It was Tim’s first birthday when we realized something wasn’t quite right. We couldn’t put our finger on it, but sitting in a high chair, screaming at the group of friends and relatives surrounding him, terrified by the single candle on his cake, wrists and ankles turning frantically, we knew he was different. It would be 10 years, four therapists, two psychiatrists, six diagnoses, a dozen IEP meetings, two neurologists and one 45-day hospital stay later before anyone ever said the word “schizophrenia” to us. Probably the best thing that happened to Michael and Susan Schofield is that they only waited half that long before a doctor said it about their child.

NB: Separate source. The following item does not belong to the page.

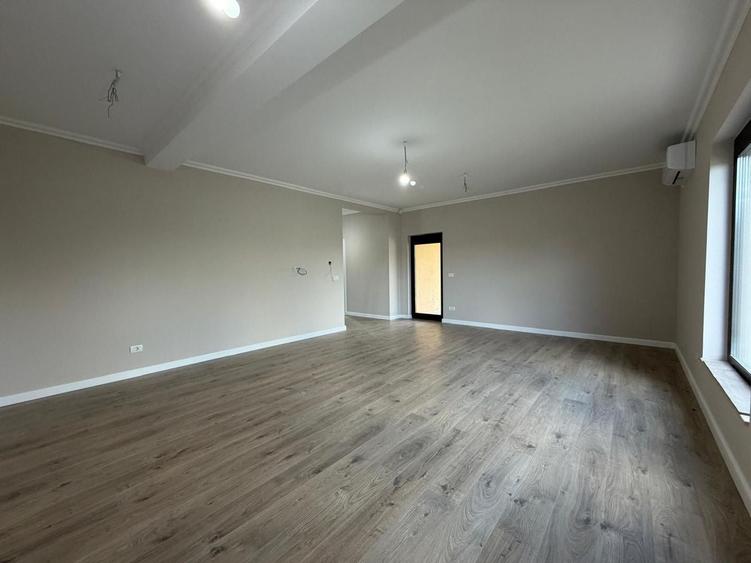 Duplex cu 5 camere cu Canalizare în Dumbrăvița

Michael Schofield has written a book about those first years with their daughter, Jani, entitled “January First.” A few disclaimers here before my review: Crown Books, the publisher, sent me a free copy to read and review here on my blog. Also, I “know” Michael Schofield, sort of. When a story about Jani was published in the Los Angeles Times, a friend emailed me the link to it, and I contacted Michael via email. We emailed back and forth a lot for a few years, and I was, at one time, a member of his Yahoo support group. Michael and I don’t always see eye to eye on treatment options for Childhood Onset Schizophrenia, and we both have strong personalities and speak our minds. But I feel safe in saying we have many of the same friends in this wierd fraternity of Parents Like Us, and we respect each other, even when we don’t agree. Ok – disclaimers over. On to the review!
The book chronicles the Schofield’s journey to first understand then try and find help for their daughter, January (Jani), from age four to just shy of age seven. Jani was – is – an extremely intelligent, extremely verbal child. As such, it is easy for her parents, doctors, and teachers to consider her facination with numbers and her amazing collection of “imaginary” friends as the side effect of genius. But when her brother, Bhodi, is born, Jani erupts into violence directed at this helpless infant, often at the direction of, she says, her menagerie of rats named after days of the week and a precocious cat she calls 400. It is apparent that she sees these creatures, all inhabitants of a mystical isle off the coast of California she calls Calalini. It is also apparent that Jani can never be left alone with her baby brother, even for a second.
And so it begins. A parade of doctors are consulted in an effort to understand Jani’s strange world and her compulsion to harm her brother. Along the way the Schofields enounter the same clowns in professisonal garb many parents like us have encountered – the one that says she’s being coddled and not disciplined; the one that says she has anxiety; the one that reports her as abused. Through it all Michael struggles to hold down a job, Susan loses hers, they start med trials on a four year old, and they go behind each other’s backs to both avoid and push hospitalization for answers. By the time Jani is six-and-a-half she’s been hospitalized four times and they have made the decision to live in two apartments in the same complex to keep Bhodi safe from Jani. And they have a diagnosis from UCLA.
Michael has been writing a blog for a number of years, and I have read every post he’s ever written. I have to say, this book is a far cry from his blog. Michael’s blog posts are a pleasure to read, full of raw emotion and elegant prose. The book reads more like a clinical account of the proceedings. Even the emotions that Susan and Michael had to live through sound more like a third party account of what transpired. Knowing what I know about Jani and Michael and Susan, I was sad to see the rawness of Michael’s writing style sanitized, I have to assume, by editing.
The book ends in Summer 2009, just shy of Jani’s seventh birthday, with the Schofields living in two, one-bedroom apartments, armed with an official diagnosis and a lot of what-ifs. Today, Jani has recently celebrated her tenth birthday and the Schofields are again able to live under one roof. The what-ifs haven’t subsided. Michael notes in the epilogue that having a child with Schizophrenia isn’t about helping her learn to live a beautiful life; it’s about trying to string together a series of beautiful days. I can absolutely relate. In the past month Tim’s days have vaccilated between building a boat for a cardboard boat regatta, running from class and punching a steel door at the direction of his auditory hallucinations, and wrapping a plastic bag around his head, screaming that he wants to die. One day at a time isn’t a 12-stepping mantra for the Parents Like Us club, it’s a necessity for surviving with even a portion of our psyches intact.
As a parent nearly 10 years farther down this journey than the Schofields, I have to imagine there is a sequel festering in the wings. Jani has yet to begin puberty. When the hormones of the tween years kick in, all hell breaks loose. Meds that were working no longer have any impact. Behaviors that seemed to be past rear up in triplicate. Social awkwardness gets stood on its head as the rift between the child with the mental illness and his/her neurotypical peers is no longer ignored or avoided, but is instead mocked and bullied. If I have one piece of advice for the Schofields, it’s brace yourself. The next decade will in all likelihood make the last one look like a cakewalk. I hope I’m wrong. But this is 28 different med combinations, 12 hospitalizations, five different therapeutic day schools, four DCFS investigations, and two long-term residential treatment stays since the age of 11 talking. But the Schofields had a great head start that we didn’t have. I envy that in a bizarre way the Parents Like Us club will probably understand.